Question. The taxi fare after each km, when the fare is Rs. 15 for the first km and Rs. 8 for each additional km, does not form an AP as the total fare (in Rs.) after each km is 15, 8, 8, 8, ..... Is the statement true? Give reasons.
Answer: False. Total fare is 15, 23, 31, ... which is an AP with \( d = 8 \).

Question. Find the sum of the AP whose 7th term is 24 less than the 11th term, first term being 12.
Answer: \( a = 12, a_{11} - a_7 = 24 \implies 4d = 24 \implies d = 6 \).
\( a_{20} = 12 + 19(6) = 126 \).
(Note: Solution for 20th term was given in OCR, sum would require \( n \)).

Question.

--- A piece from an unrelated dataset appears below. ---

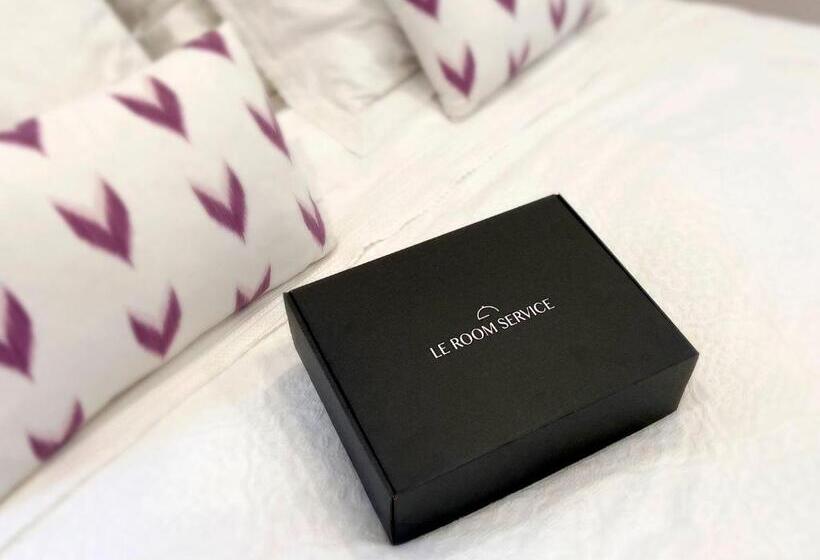 Полулюкс с Балконом, Mosaic By Ona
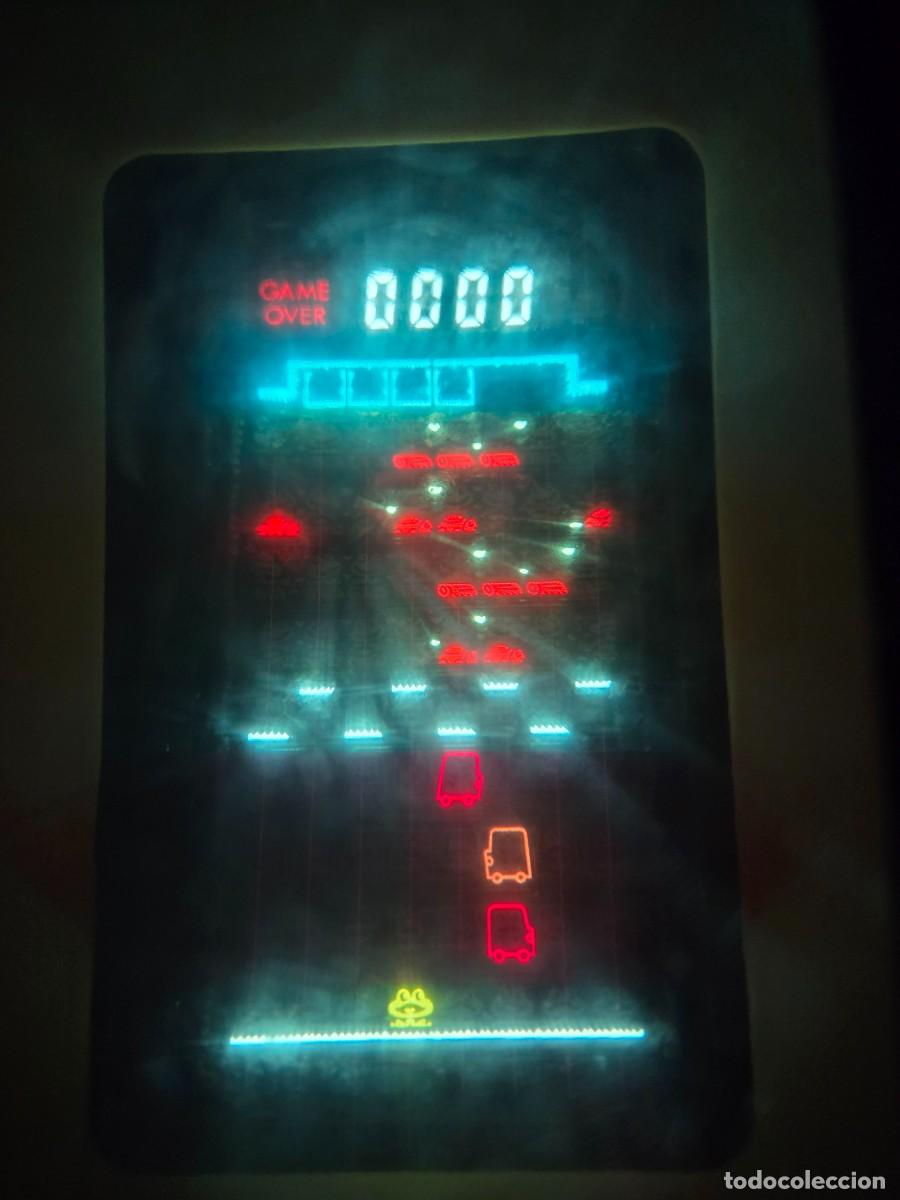 Videojuegos y consolas: Frogger Gakken Tabletop 1981 + Adaptador original - Foto 3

Determine \( k \) so that \( k^2 + 4k + 8, 2k^2 + 3k + 6 \) and \( 3k^2 + 4k + 4 \) are three consecutive terms of an AP.
Answer: \( 2(2k^2 + 3k + 6) = (k^2 + 4k + 8) + (3k^2 + 4k + 4) \)
\( \implies 4k^2 + 6k + 12 = 4k^2 + 8k + 12 \implies 2k = 0 \implies k = 0 \).

Question. If \( S_n \) denotes the sum of first \( n \) terms of an AP, prove that \( S_{12} = 3(S_8 – S_4) \)
Answer: \( S_8 = 4(2a + 7d), S_4 = 2(2a + 3d) \).
\( 3(S_8 - S_4) = 3(8a + 28d - 4a - 6d) = 3(4a + 22d) = 12a + 66d = S_{12} \).

Question. How many terms of the AP: –15, –13, –11, ... are needed to make the sum –55? Explain the reason for double answer.
Answer: \( a = -15, d = 2, S_n = -55 \).
\( \frac{n}{2}[-30 + (n-1)2] = -55 \implies n^2 - 16n + 55 = 0 \implies (n-5)(n-11) = 0 \).
\( n = 5 \) or \( n = 11 \).
Double answer because sum of terms from 6th to 11th is zero.